The days have been long and the work has been hard. I wanted to write here for so long but I just didn’t get enough time. School has been getting hard. School is probably the biggest stress I have right now. If I don’t do well this semester, its pretty much over. And this semester is among the hardest as well. So much work to do, its not even funny. We’ll see how it goes.

I got threatened last week. This is what happened: This guy comes into the store and asks me to provide him with a service we offer. He had a few requests which I fulfulled. For some reason, right when this guy walked in, I knew he would give me problems. And my instincts were right. When he came back to pick up his stuff and pay me, I told him what the price was and he flipped out on me. This idiot of a guy threatened to kill me. He started yelling at me infront of all the clients and just going off. I told him our prices are listed right where everyone drops off their stuff (interestingly enough, the prices were listed right infront of him as he yelled at me). He gave me the money and inside I was laughing. But for some reason, I was scared for the entire weekend that his maniac would come in and kill me. Maybe its normal for that to happen. I’ve never really been threatened with my life before so Im kinda new at this. We lost a customer but whatever. If you’re stupid and can’t read and don’t value the work people do for you, go into a whole and die. I don’t want or need your money. This only confirmes my belief that people are inherantly stupid.
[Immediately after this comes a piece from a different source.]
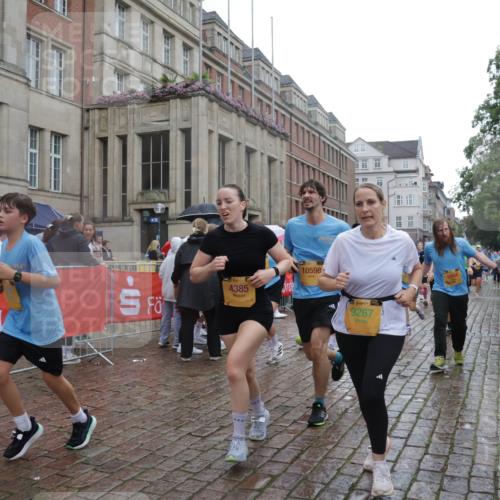 13.09.2026 - Kiel Lauf Yannick Fuchs http://msf.ph/oto/10420071 13.09.2026 10:52:34 Ziel 90, 172, 475, 626, 1471, 1472, 1473, 1474, 1531, 1837, 2293, 2442, 2735, 3054, 3582, 3778, 3853, 3925, 4485, 5433, 5723, 6388, 6405, 7060, 7088, 7196, 7603, 7621, 8100, 8205, 8316, 8615, 8734, 9024, 9025, 9414, 9711, 9886, 10786, 11082, 11359, 11535, 11555, 11622, 11658, 11661, 11913, 171, 777, 1027, 1364, 1365, 1526, 1527, 1658, 1802, 1811, 1869, 2438, 2484, 2544, 2806, 2991, 3280, 3343, 3435, 3529, 3630, 3644, 3881, 4008, 4385, 154, 1083, 1426, 1550, 3059, 3431, 5329 meine-sportfotos.de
I’ve been procrastinating again. I have to find a job because my parents don’t want to pay me. I have to get my resume updated but I find the process of going out and searching for a job extremely demoralizing and depressing. Moreover, I am of the belief that if anyone is attending post secondary, they SHOULD NOT have to work in order to sustain themselves. Students put in hours and effort into school than they do into any McDonald’s job that, at the end of the day, has no signifigance or intrinsic worth. In essence, school is a full time job that is not only good for obvious reasons, it has an intrinsic value that cannot be expressed in monetary terms. A student, therefore should put all their energy into activities that are related to school. They should not have to worry about the fact that they “have work in the morning,” – a phrase that literally makes me sick to my stomach.

My philosophy prof said something intriguing a few weeks ago which has still stuck to me. He said that if it were up to him, he would abolish the entire grading system. Why? Because grades kill school, especially post secondary like university or college. He is of the belief that grades are used as a means of bribing students into learning. Or to put it another way, grades are the carrot and the students are the donkey. Once grades are introduced into learning, the love and excitement that comes with learning goes away. Why? Because grades are in essence a cohersive tool to used to get someone to coup with learning, rather than falling in love with learning so as to achieve the necessary grades to get into Law, Grad, or for a job. Grades therefore kill school and kill learning. Grades don’t acruately reflect how much a person knows or even what they know. Grades measure how much and how well a person memorized at that particular time and day. I find this to be very true.